Franklin (A Murderous Procession, 2010, etc.) and Norman draw a tale of intrigue and violence from the Anarchy, the 12th-century struggle over the right to rule England between Stephen of Blois and Empress Matilda.

In 1135, Henry I, king of England and Normandy, dies, leaving his kingdom to his daughter, Empress Matilda, the Holy Roman Emperor’s widow. His nephew Stephen objects, claiming the crown, and England becomes "a land devoid of loyalty," where "plunder, pillage...devastation, starvation" haunt its people. The authors use Em, an 11-year-old peasant girl from the Cambridgeshire fens, and mercenary Gwilherm de Vannes, an arbalist—crossbowman—to follow the story. Gwilherm escapes a battlefield rout only to be attacked by his companions, rogues who then rape and beat little Em. Gwilherm nurses her to health, but she’s lost her memory and despises her femininity—"They’d sent her mad, and small wonder." Gwilherm dresses her as a boy, dubs her Penda and teaches her archery. Penda in tow, Gwilherm vows revenge on the rapist, Thancmar, a monk who led an attack on Ely Cathedral as part of a scheme to secure appointment as an archbishop.

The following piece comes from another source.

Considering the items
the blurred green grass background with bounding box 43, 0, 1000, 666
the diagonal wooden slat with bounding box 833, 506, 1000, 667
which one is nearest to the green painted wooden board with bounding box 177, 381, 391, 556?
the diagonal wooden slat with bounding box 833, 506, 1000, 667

Highlighted by solid characterization of historical and fictional figures alike, the authors’ research on day-to-day medieval life shines. Gwilherm and Penda rescue Empress Matilda and two knights during a blizzard and repair to Kenniford castle, a strategic redoubt along the Thames. There, young Maud rules as chatelaine; her boorish and cruel husband, Sir John of Tewing, to whom she’s been married on Stephen’s orders, lies silent after a stroke. Maud switches her support to Matilda, and the siege begins. 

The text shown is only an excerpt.